Der wertkonservativen Gesinnung fühlt sich auch die AfD verpflichtet. In der Präambel des Wahlprogramms bekräftigt die Partei, dass ihr politisches Handeln von einem „Wertesystem“ bestimmt sei, das „sich aus den Werten des christlichen Abendlandes“ speist. Einer „offen betriebene(n) Herabsetzung und Verhöhnung der Familie“, laut AfD der „natürlichsten aller Gemeinschaften“, werde sich die Partei mit aller Kraft widersetzen.
Politisch korrekter als die beiden konservativen Parteien formulieren die „patriotischen Europäer“, was die religiöse Prägung der deutschen Leitkultur betrifft.
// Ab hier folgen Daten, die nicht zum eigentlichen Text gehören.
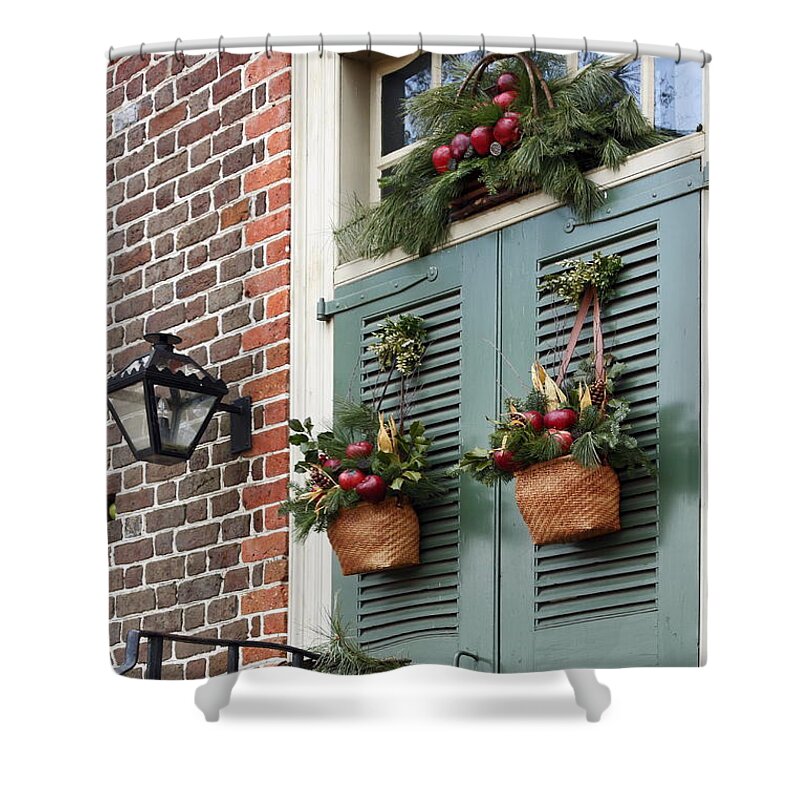 Double Green Doors Shower Curtain featuring the photograph Christmas Welcome by Sally Weigand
In einem Positionspapier vom 10. Dezember 2014 heißt es, Pegida kämpfe „für die Erhaltung und den Schutz unserer christlich-jüdisch geprägten Abendlandkultur“. Selbst um den Islam lässt sich das Spektrum der Religionen, die das Abendland prägen, erweitern. Im Kontext der Terrorattentate in Paris erinnert die Kanzlerin wie einst der damalige Bundespräsident Christian Wulff daran, dass „auch der Islam inzwischen zu Deutschland“ gehöre.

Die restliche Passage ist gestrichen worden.